75-year old Ubuntu User Learns From Books
Who Reads Books? Wise People, That's Who!

Emery Fletcher
Friday, May 22, 2009 11:32:09 AM
'Editor's note: in a recent
article about Ubuntu, Linux guru Carla Schroder -- author of the Linux Cookbook -- noted that she had
never met anyone who bought a "how to" book for their PC - though she recommended it. A
Datamation reader wrote to respond.'
Dear Ms. Schroder,
In your article
Linux for Newbies, you wondered who actually buys and uses computer books. Well, I
do, and I'd be in bad shape without them!I don't fit the profile of Incipient Geek. I'm
75 years old, and the last time I had more to do with a computer than emailing and
surfing was in 1960, when I had to write some Fortran programs as a grad student.
About a year ago I read something about Linux by an author who had a fine and
sophisticated sense of humor, and it occurred to me that if someone like that was a
proponent of Linux, there must be something interesting about it that I might like.
I started - as any former academic would - with books:
Ubuntu For Dummies (Paul Sery),
Introducing Ubuntu (Brian Proffitt),
Beginning Ubuntu Linux (Keir Thomas). I ran a couple of the live CD's, which showed
me an interesting new desktop, but of course they ran VERY slowly on my little old
Compaq.
I also looked into some of the Help forums, but the endless accounts of unexpected
crash and burn from people who seemed to know computers far better than I totally
discouraged any notion I might have had of dual booting Linux with Windows on my only
computer. You see, the forums are to offer help, so they are all about problems that can
occur.
A few weeks ago a relative offered me an old eMachines with no operating system on it
(she had had it professionally "wiped," she said). I had no idea how - or even whether -
a computer in such a condition could be reanimated, but I cheerfully accepted the gift. I
figured that even the dumbest things I did on that box could leave me no worse off than
when I started.
First I armed myself with what looked to me like the most authoritative book on the
subject:
A Practical Guide to Ubuntu Linux, by Mark Sobell. I was blissfully unaware it was
intended for folks setting up and administrating servers, but it certainly went right to
the nitty-gritty of Ubuntu for somewhat over 1,000 pages.

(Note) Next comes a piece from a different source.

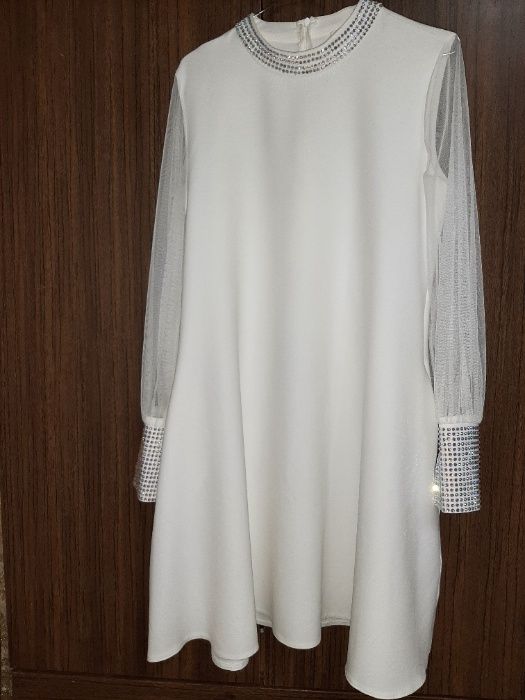 Продается платье. Новое с этикеткой. 44 размер. 15000 тенге.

I was pleased to see that the machine woke up and ran a live CD of Ubuntu 8.10, so I
tried the installation. It went smoothly for a while, but suddenly the screen went blank.
I didn't know that was just because the disk wasn't saying anything to the monitor at the
time, so I panicked and did a hard stop. (Shows you how clueless I am about this
stuff!)
I was about to conclude the whole thing was far beyond my abilities, but since the
machine had cost me nothing, I decided to try again.
It worked! Eventually (the box has only 384MB available memory) I had an operating
system up and running! I played with it for a while, trying to decide on a type font that
was small enough to get decent word count per page yet was easy on my elderly eyes. I
tried to reset the screen resolution and - pow - diagonal lines, no response from mouse
or keyboard, another hard stop.
I figured I must have created some problem when I aborted the first installation. On
the second install, the ubiquity partitioner had indicated there was a 5.4GB partition
already on the drive and it put the new version in the remaining space.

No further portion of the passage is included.